INPUT:
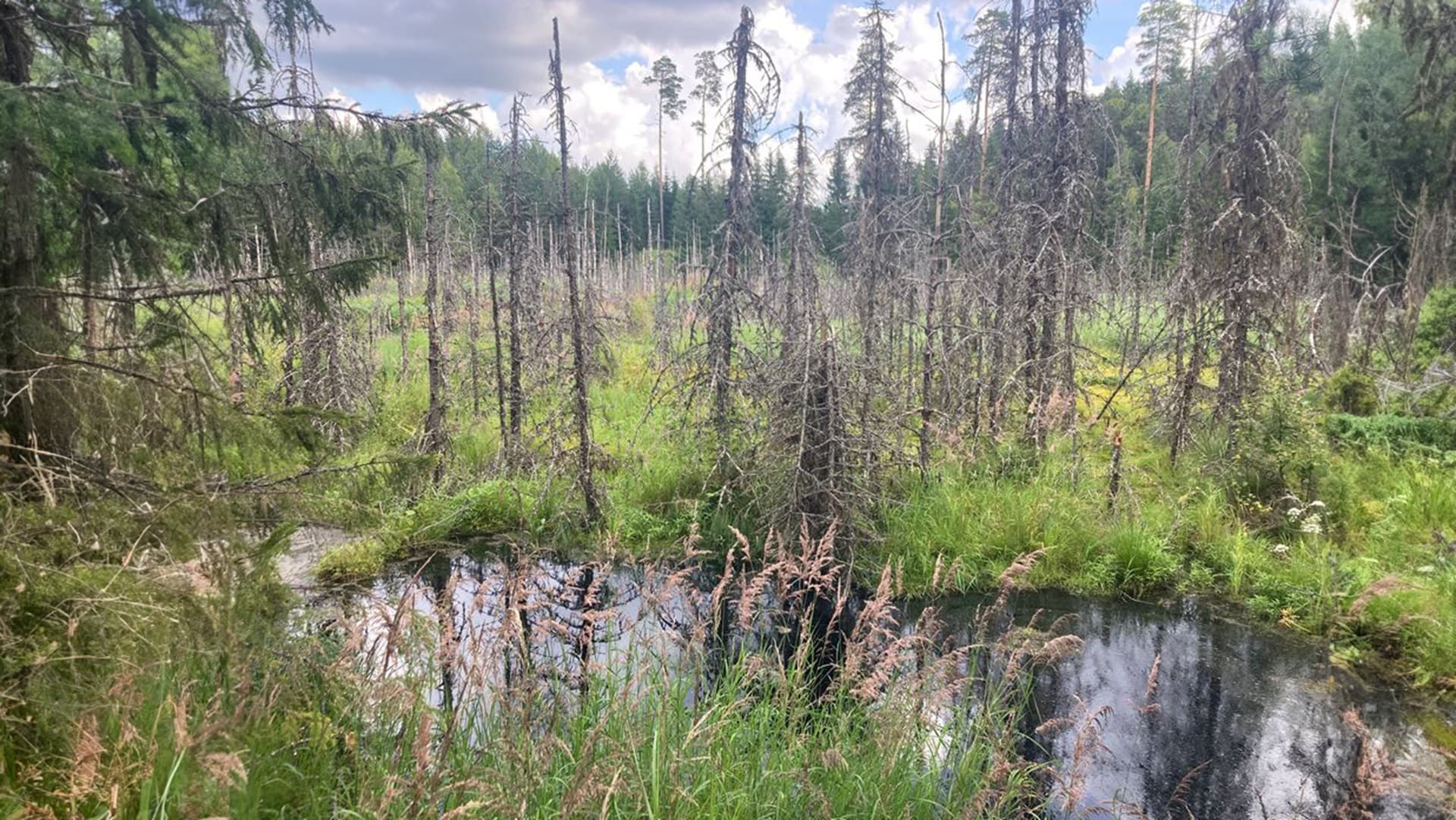 Majavien paluu rikastuttaa metsien monimuotoisuutta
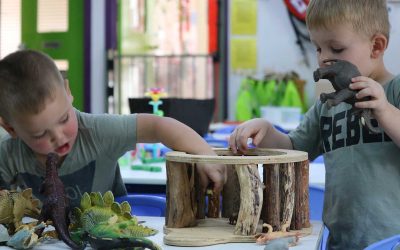 The Importance Of Play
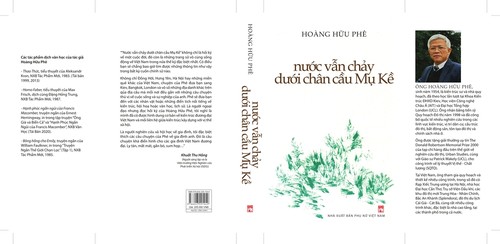 “Nước vẫn chảy dưới chân cầu mụ Kề“: những trang sử sống động ngoài chính sử - ảnh 2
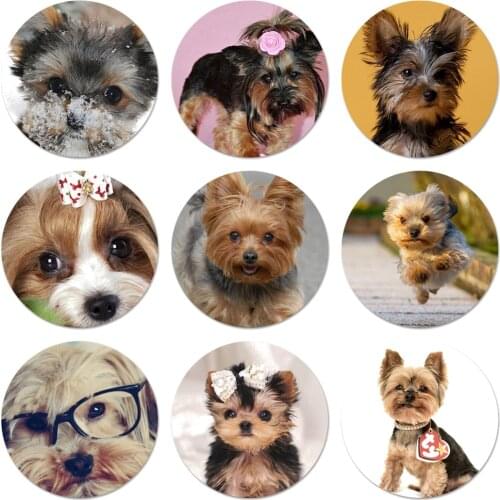 58mm Yorkshire terrier dog Icons Pins Badge Decoration Brooches Metal Badges For Backpack Decoration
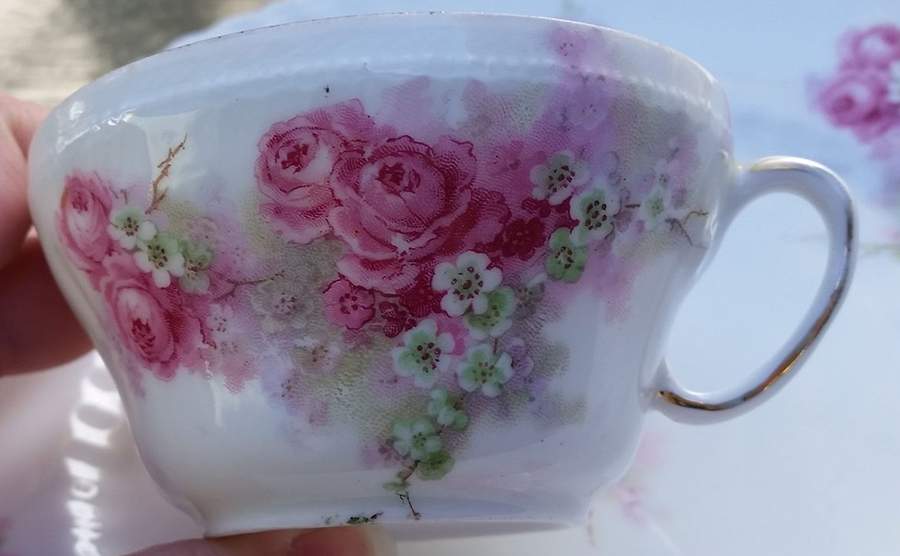 VTO240 Flat Cup by Victoria (Austria)-1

YOUR TASK:
Repeat the records above exactly, leaving out any pictures they contain.

WRITTEN REPLY:
 Majavien paluu rikastuttaa metsien monimuotoisuutta
 The Importance Of Play
 “Nước vẫn chảy dưới chân cầu mụ Kề“: những trang sử sống động ngoài chính sử - ảnh 2
 58mm Yorkshire terrier dog Icons Pins Badge Decoration Brooches Metal Badges For Backpack Decoration
 VTO240 Flat Cup by Victoria (Austria)-1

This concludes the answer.